Technology PRs behave as though technology promises "huge productivity gains", "massive increases in efficiency", and "ramped-up customer service", and yet the same PRs occasionally admit (off the record) they haven't seen, let alone used, their clients' products.
Industry analyst Gartner says today's CIOs must create business results without upfront investments. Is that because the board no longer trusts IT with shareholders' money? So didn't all those late-20th century projects really come in "ahead of time and under budget"?
Five years on from the hype zenith, it's time to subject enterprise technology to dispassionate scrutiny.
The New Zealand CIO community is hard-nosed, sardonic and wise to the vendors; the perfect people to ask whether IT has lost its shine.
We also cornered a consultant, a CEO and some vendors to get the oil on how CIOs should deal with journalists, analysts and project failures.
Why are technology vendors so enamoured with the word "solution"? I asked one, and that word recurred three times in his 86-word answer without a hint of self-irony. I took my questions elsewhere.
As CIO of Telecom New Zealand, Mark Ratcliffe is in the unusual position of overseeing information management in one of the country's largest organisations, but also of being an IT supplier to other big businesses.
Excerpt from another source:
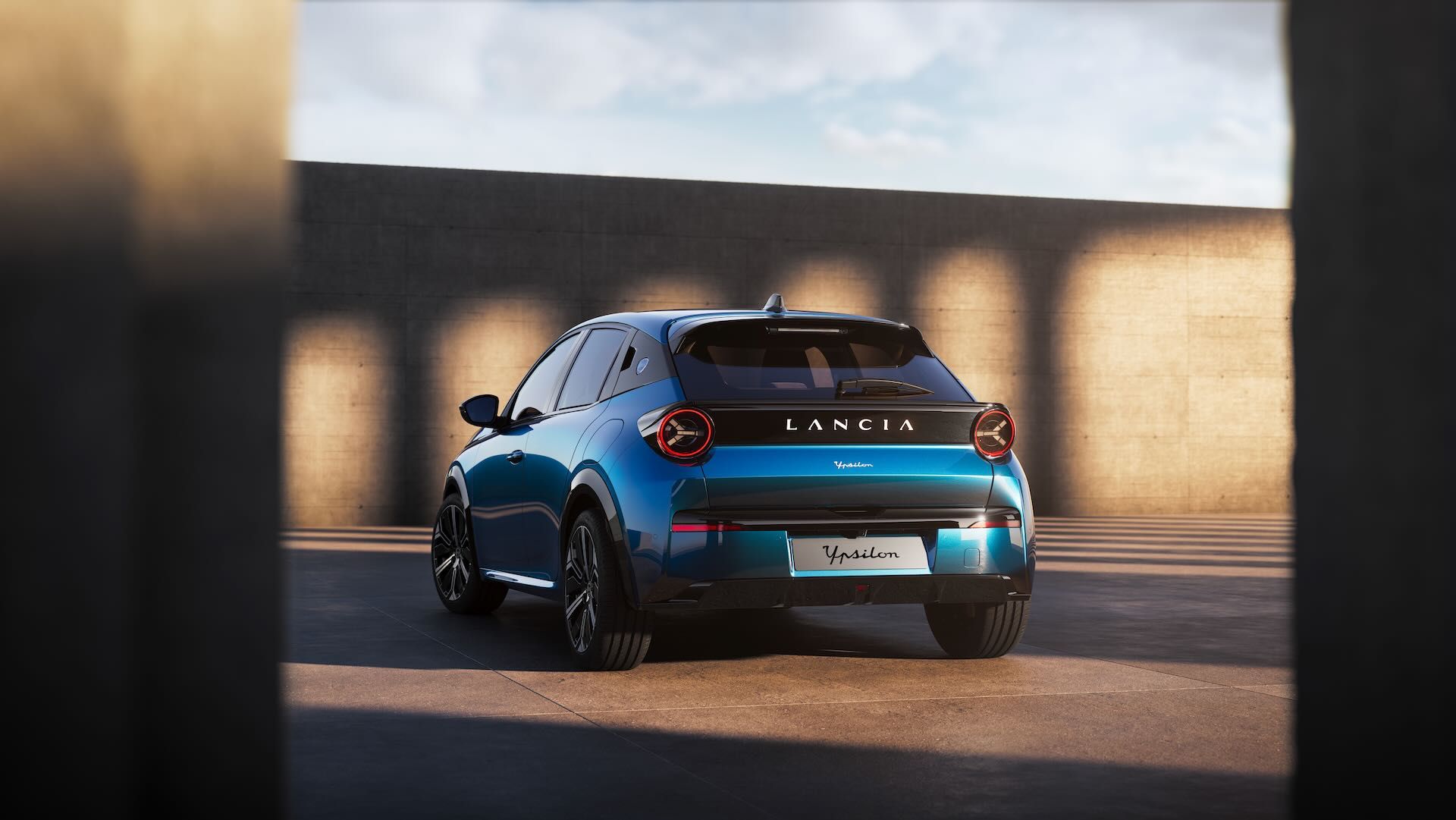 Nuova-Lancia-Ypsilon-Edizione-Limitata-Cassina-posteriore-1.jpeg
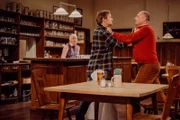 Hubert und Gregor geraten aneinander. Von links: Theresa Brunner (Ursula Erber), Gregor Brunner (Holger Matthias Wilhelm) und Hubert Kirchleitner (Bernhard Ulrich).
He views my disgruntlement from the supplier's perspective: "I think it's because we've educated people that it's better to solve a problem somebody's got, rather than just sell them something. Selling a solution looks like you've got a problem and I'm part of fixing it."
Aaron Kumove, now managing director of Horizon Consulting, dealt with IT vendors as CIO of New Zealand Post. "Vendors are by definition myopic," he says. "They typically only see their piece of the puzzle. By and large, an IT manager or CIO is at a significant disadvantage when a vendor comes knocking on their door because he has to be a generalist. The vendor has the luxury of only having to know about a very small number of things - the things they happen to be peddling - so, right away, they've got you on the back foot."
Nigel Murphy, former marketing director of Oracle NZ, has been in and out of the IT industry since 1983, when he joined IBM. Murphy is now group manager of public affairs at Auckland University of Technology (AUT). Reflecting on the pressures facing the vendor, he concedes that new technologies are often launched before they're enterprise-ready.
"The market imperatives mean when you've developed something new, you want to get it out there before the other guys do. More often than not, there are still a few little wrinkles in there." He is not the only person to recall the concept of the paperless office. "I used to joke that it was about as imminent as the paperless toilet," he says.
Denis Orme is chief executive of IBANZ, the Insurance Brokers Association of New Zealand, and former CEO of Bartercard. "In a lot of areas, they clearly aren't 'solutions'," he says. "It goes back to a decade or so ago, to the talk of 'the paperless office'. 'Enterprise-wide solutions' have typically not been enterprise-wide."
André Snoxall is general manager of HealthIntelligence and CIO of Capital and Coast District Health Board. He says CIOs must remember the vendors' motivation and be hard-nosed about it. "I've lost count of the number of times companies have said they're going to add value to my business, and if I go with them as a sole supplier, they'll add all sorts of value that nobody else can." Snoxall knows changing a vendor's nature is impossible; they're always going to tell you their product's the best. "As a businessman, you've got to treat things with the degree of scepticism they deserve."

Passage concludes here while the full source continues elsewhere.